### Instructions for the task
Set down exactly the lines from the first line of the records through the line that contains "So, this was", and leave every picture out.

### Exercise data
>>>
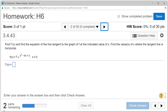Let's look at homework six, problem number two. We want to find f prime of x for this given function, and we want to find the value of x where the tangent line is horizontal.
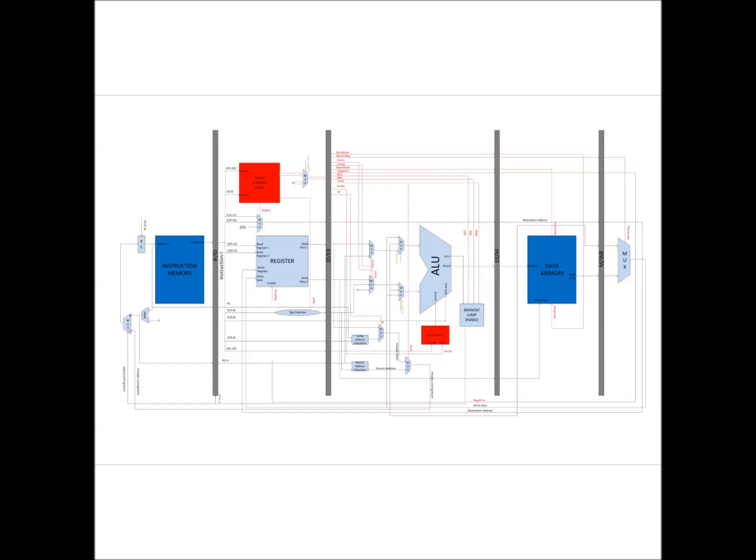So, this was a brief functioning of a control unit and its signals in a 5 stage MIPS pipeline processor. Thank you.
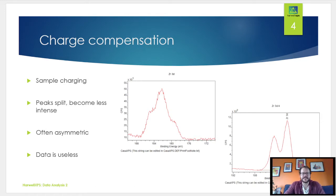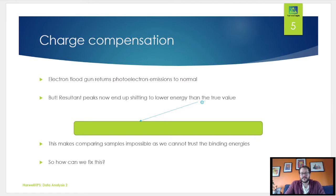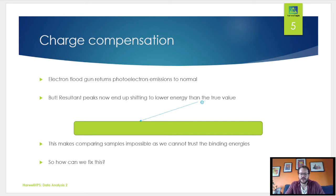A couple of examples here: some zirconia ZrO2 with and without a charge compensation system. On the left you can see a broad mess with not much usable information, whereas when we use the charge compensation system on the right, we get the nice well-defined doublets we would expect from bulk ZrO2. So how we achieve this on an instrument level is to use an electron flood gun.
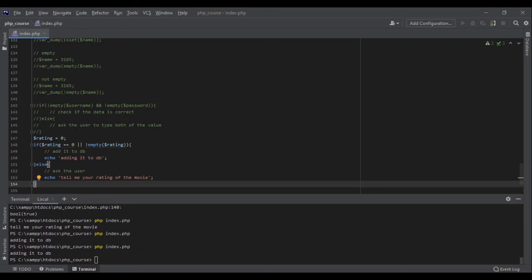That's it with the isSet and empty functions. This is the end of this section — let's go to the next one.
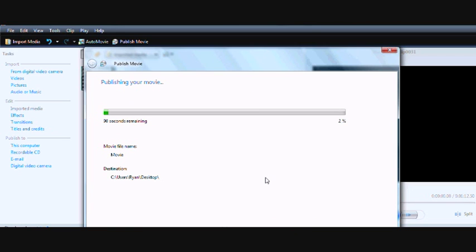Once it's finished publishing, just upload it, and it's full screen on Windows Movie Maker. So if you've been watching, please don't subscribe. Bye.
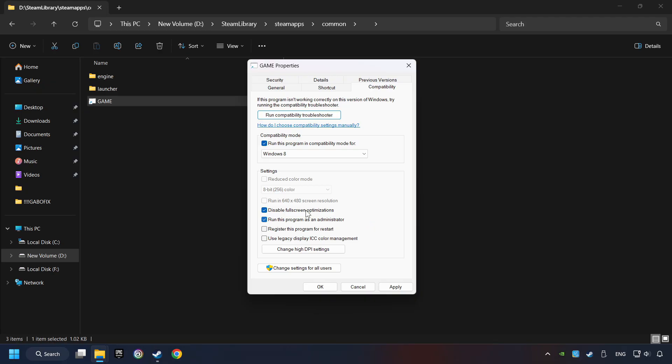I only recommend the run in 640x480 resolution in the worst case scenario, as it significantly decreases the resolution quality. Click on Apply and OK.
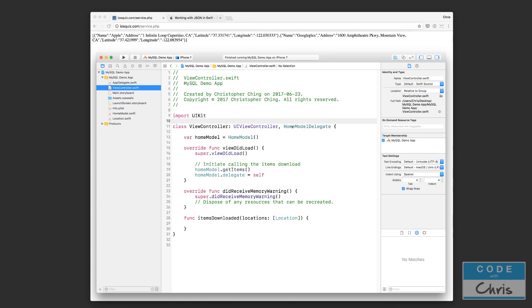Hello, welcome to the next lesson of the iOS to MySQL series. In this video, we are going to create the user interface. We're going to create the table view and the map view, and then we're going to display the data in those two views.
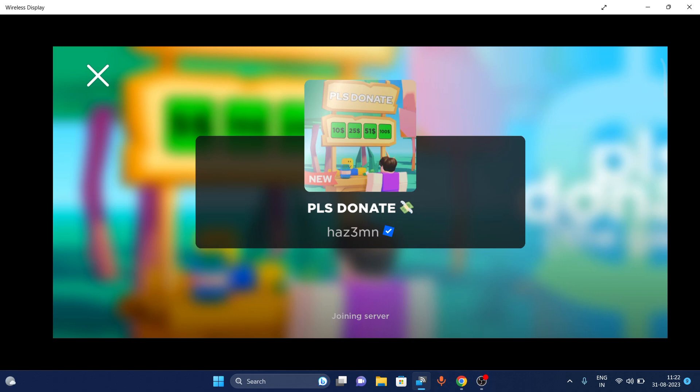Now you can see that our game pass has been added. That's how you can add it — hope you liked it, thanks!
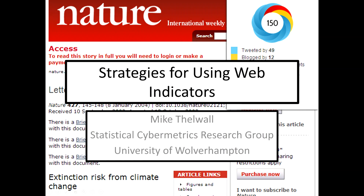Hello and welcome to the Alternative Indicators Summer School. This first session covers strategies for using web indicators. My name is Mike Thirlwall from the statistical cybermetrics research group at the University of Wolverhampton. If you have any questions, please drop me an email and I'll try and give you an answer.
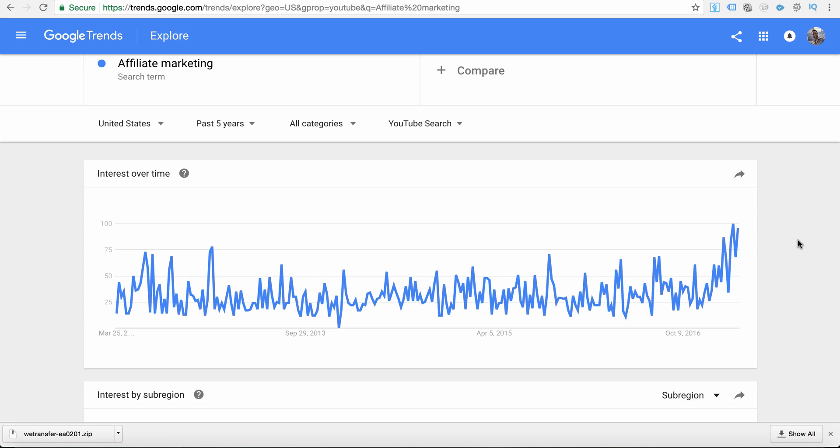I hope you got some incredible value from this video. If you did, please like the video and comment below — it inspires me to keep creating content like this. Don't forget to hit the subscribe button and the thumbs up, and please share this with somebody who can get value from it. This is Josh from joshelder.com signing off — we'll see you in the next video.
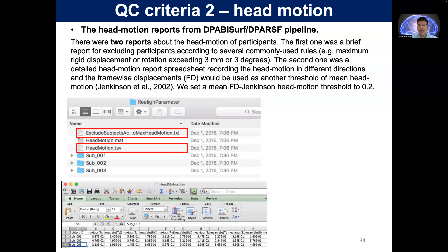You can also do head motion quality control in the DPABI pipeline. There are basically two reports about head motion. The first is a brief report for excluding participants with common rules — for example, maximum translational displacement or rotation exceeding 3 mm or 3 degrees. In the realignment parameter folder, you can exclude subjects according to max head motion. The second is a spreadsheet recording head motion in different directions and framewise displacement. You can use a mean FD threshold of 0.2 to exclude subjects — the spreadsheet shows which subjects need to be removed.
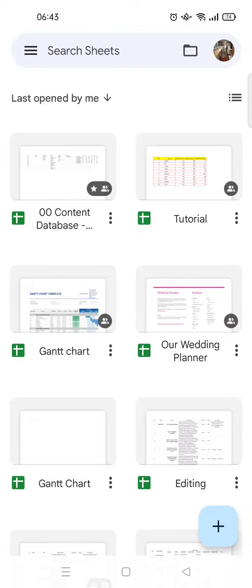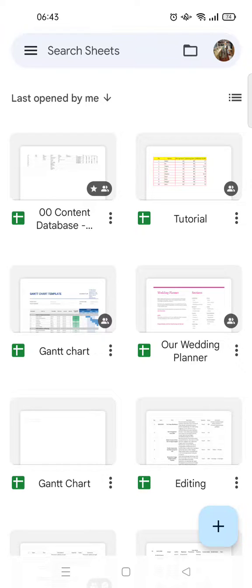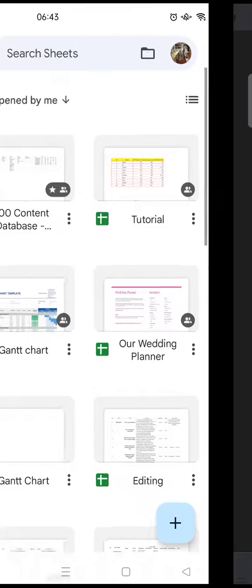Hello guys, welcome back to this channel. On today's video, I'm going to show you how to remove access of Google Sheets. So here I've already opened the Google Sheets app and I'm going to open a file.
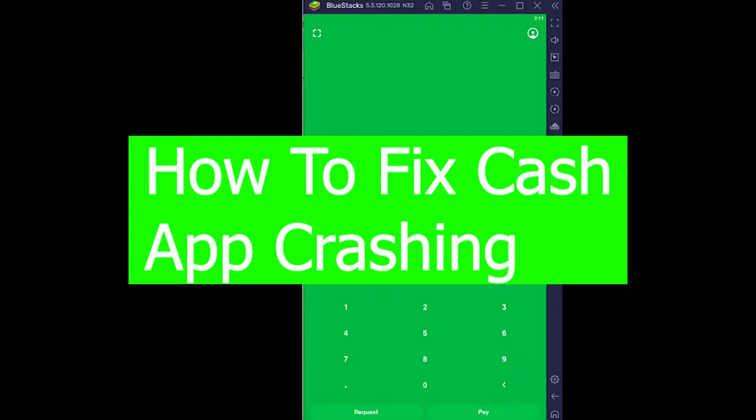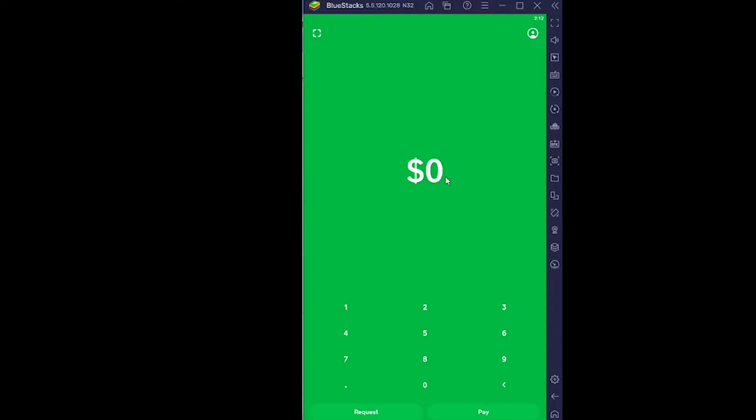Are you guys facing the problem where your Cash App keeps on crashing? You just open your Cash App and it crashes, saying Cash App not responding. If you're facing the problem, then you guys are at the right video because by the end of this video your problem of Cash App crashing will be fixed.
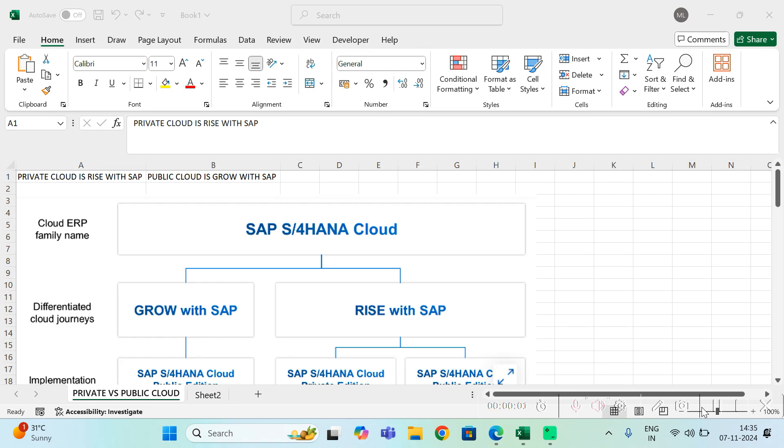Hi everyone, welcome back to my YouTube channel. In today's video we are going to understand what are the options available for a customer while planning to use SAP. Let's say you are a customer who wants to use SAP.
<<<
### Completed task
Let's look at homework six, problem number two. We want to find f prime of x for this given function, and we want to find the value of x where the tangent line is horizontal.
So, this was a brief functioning of a control unit and its signals in a 5 stage MIPS pipeline processor. Thank you.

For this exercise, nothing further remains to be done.